駅前の風景というのは、全国どこに行っても似たり寄ったりだ。広場があり、駐車場があり、その先にはデパートや商店街が続き、大都市になるとこれに大型ビルが加わる。旭川の新駅が完成したならば、こんなありきたりな駅前の風景にはしてもらいたくない。人口30万を超える都市で、駅のすぐ裏側で大規模な緑が残っている例は珍しいと言われる。それだけ新駅は、全国に魅力を発信できる可能性を秘めている。
1972年、平和通買物公園がオープンしたさい、当時の旭川市長だった五十嵐広三さんと、将来のまちづくりのビジョンについて語り合ったことがある。「せっかく買物公園ができたのだから、旭川駅を建て替えるときには、買物公園と一体感を出すため、公園のなかに駅があるかのように、自然の空間を多くしたらいい」というのが五十嵐さんの考えだった。それから35年が経過したいま、自然と駅の関わりが注目を集めている。五十嵐さんの先見性には驚かされる。
とはいっても、駅は旭川の交通の核になる施設であり、当然、市民や旅行者にとって利便性が高いものでなければならない。すでに明らかにされているプランによれば、現在8400平方メートルの駅前広場は2万2000平方メートルまで広げられ、路線バス用、観光バス用、タクシーの乗り降り場と待機スペースが設けられる。宮下通、1条通などにバス停留所が点在している現状は、利用者にとり便利とは言えず、JRで旭川に着いた観光客が、旭山動物園行きバスを探してあちこち歩き回っているのもよく見かける。新しい駅前でバスが利用しやすくなるのだとしたら喜ばしい。また、駅周辺では乱雑に置かれた自転車が目立つので、大型の駐輪場も必要だろう。
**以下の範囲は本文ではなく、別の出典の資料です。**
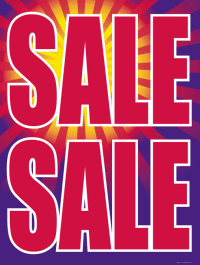 Plastic Window Sign: Sale Sale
07年11月末、平和通商店街振興組合から旭川市に対し、JR新駅舎と買物公園の一体感を高めるよう求める提案書が提出された。具体的には▽駅舎と買物公園をつなぐ道路に風雪をしのぐ屋根を設ける、▽待ち合わせに使えるアトリウムを買物公園寄りに建設する、などのアイディアが盛り込まれた。私が考えるに、これまでの駅前、つまり買物公園とのつながりも大切だが、新しい駅裏、つまり宮前地区や神楽地区との一体感を高めることも大切だ。これらの地区には大雪アリーナ、優れた音響特性をもつ大雪クリスタルホール音楽堂、三浦綾子記念文学館、自然豊かな神楽岡公園、そして人気施設のサイパルなど、旭川市民が誇れるスポットがたくさんある。夏ならサイクリング、冬なら歩くスキーなど、駅のすぐ近くでスポーツが楽しめる施設を新たに河川敷に設けてもいい。
夕張に象徴されるように、北海道には将来に不安を抱えた自治体が少なくない。旭山動物園だけでなく、「北彩都あさひかわ」という希望を持っている旭川市民は幸せだ。